Si los 55 delegados de la Convención Constitucional de 1787 estuvieran sentados hoy como jurados en el juicio político del expresidente Donald Trump en el Senado, una cosa parece segura según el registro histórico. Emitirían dos votos casi unánimes: primero, para condenar al presidente de un delito impugnable, y segundo, para descalificarlo para ocupar un cargo federal futuro.
Votarían de esta manera porque creían, como una cuestión de principio cívico, que el liderazgo ético es el pegamento que mantiene unida a una república constitucional.
Como dijo James Madison en “Federalist No. 57”, “El objetivo de toda constitución política es, o debería ser: primero, obtener para gobernantes hombres que posean la mayor sabiduría para discernir y la mayor virtud para perseguir el bien común de la sociedad”.
En sus discursos ante la Convención Constitucional, los delegados reiteraron este punto en casi todos los debates.
Benjamin Franklin destacó la necesidad de investir al gobierno con “hombres sabios y buenos”. James Wilson quería “hombres inteligentes y honestos”. Madison habló de “árbitros imparciales y guardianes de la justicia y el bien general”.
También dejaron declaraciones que describen el tipo de personalidades públicas que la república constitucional debe excluir del cargo.
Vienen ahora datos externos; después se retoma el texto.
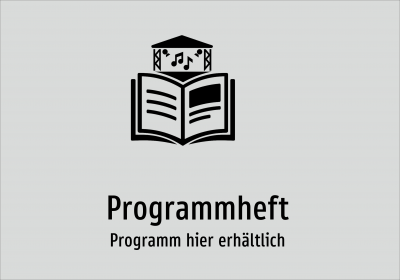 Programmheft - Programm hier erhältlich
A través de sistemas cuidadosamente diseñados y el poder de la acusación, la condena y la descalificación, los que se mantendrían fuera del cargo incluían “hombres corruptos e indignos” y “demagogos”, según Elbridge Gerry.
Alexander Hamilton luchó duro para dotar al nuevo gobierno de controles y contrapesos para excluir a los “hombres de poco carácter”, los que “aman el poder” y los “demagogos”. George Mason se dedicó a idear “los medios más eficaces para controlar y contrarrestar las opiniones aspirantes de hombres ambiciosos y peligrosos”.
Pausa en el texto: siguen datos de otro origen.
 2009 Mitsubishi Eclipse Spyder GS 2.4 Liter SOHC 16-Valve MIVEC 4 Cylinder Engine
Franklin instó a los demás delegados a agregar protecciones para evitar que “los audaces y violentos, los hombres de fuertes pasiones y actividad infatigable en sus búsquedas egoístas” asciendan a la presidencia.
Los delegados estaban preocupados por “el bien público”, “la tranquilidad interna de los Estados “y “la seguridad, libertad y felicidad de la Comunidad “. Pretendían que el presidente pacificara el odio civil, el resentimiento y la insurrección.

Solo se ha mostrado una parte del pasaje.